Today I conquered a fear of mine I have had for a long time. I played piano in front of an audience! And they loved me!
Okay, so the back story goes like this: I started taking piano lessons when I was 15, by no means an old age but relatively late compared to many musical prodigies. Although I picked it up quickly and absolutely loved playing, I was not as used to being a ‘pianist’ and always found it difficult to play in front of other people. It was a self-image thing: I ‘just didn’t do that’ because ‘that’s not who I am’.
Sound familiar? Everyone has these sorts of limiting beliefs, or has had them, in some aspect of their life. These brains of ours are funny things. They can make you believe all sorts of crazy nonsense, and that’s often when it comes true!
Anyway, I had always wanted to volunteer to play at a local nursing home, after my teacher suggested doing so to help with my exam practise a few years ago. In 2010, I enquired about it at a retirement village near my house, and went back a few times to do paperwork. However, the red-tape proved too mighty and my starring role fell by the wayside. I tried to reprise my position last year, but ironically, the paperwork again made things complicated, and we lost touch and I let it go. Again.

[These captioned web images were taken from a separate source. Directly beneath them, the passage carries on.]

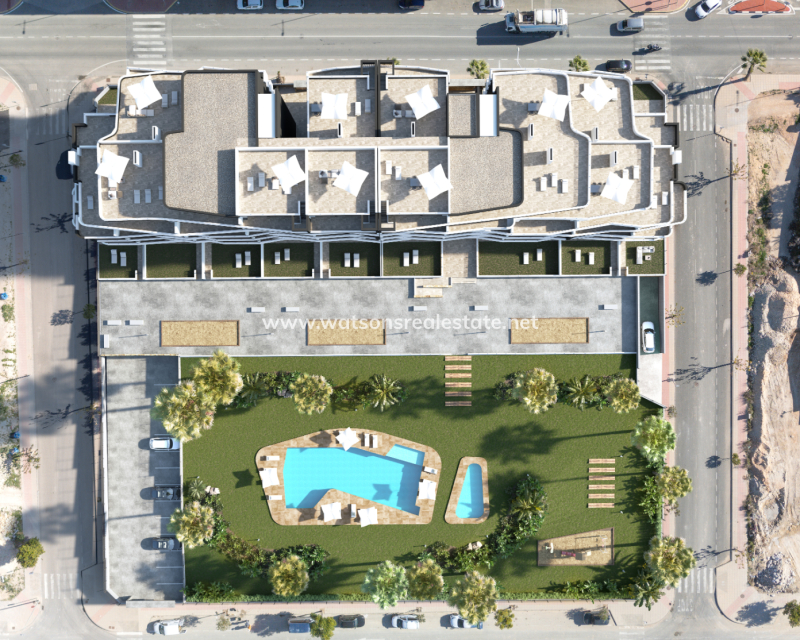 Nouvelle construction - Apartment - San Miguel / Vistabella Golf - San Miguel de Salinas
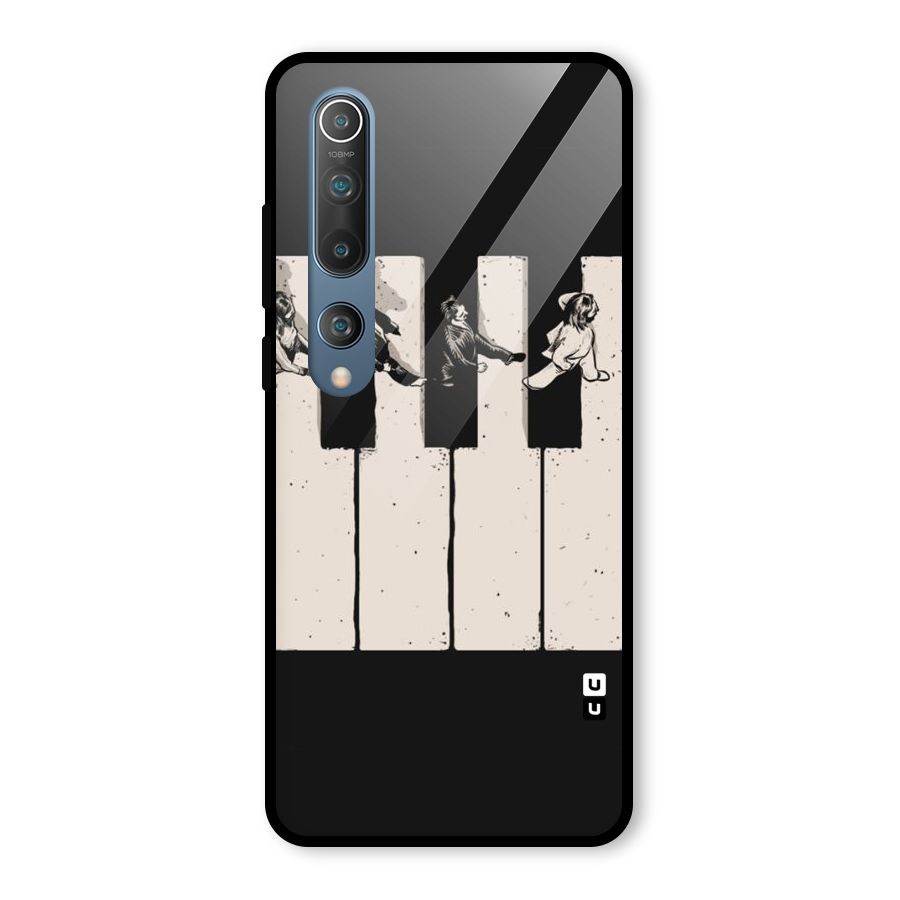 Talk A Walk Glass Back Case for Mi 10
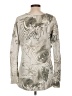 Unbranded Gray Long Sleeve Blouse Size XL (estimated) - photo 2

This thing was starting to overcome me; I felt like I couldn’t do it, so why even try?
Last week, after thinking that ‘I Should Really Do That’ all year, I finally picked up the phone and called the nursing home again. I went in to see the coordinator on Tuesday, a different one to the previous ones I had dealt with. She was a breeze – asked me a few questions and said I would be welcome to come anytime. And I would even be paid! This was a mega-bonus, one that I was unprepared for initially, because I really just wanted to come to improve my piano skills and give a few elderly people a little bit of joy.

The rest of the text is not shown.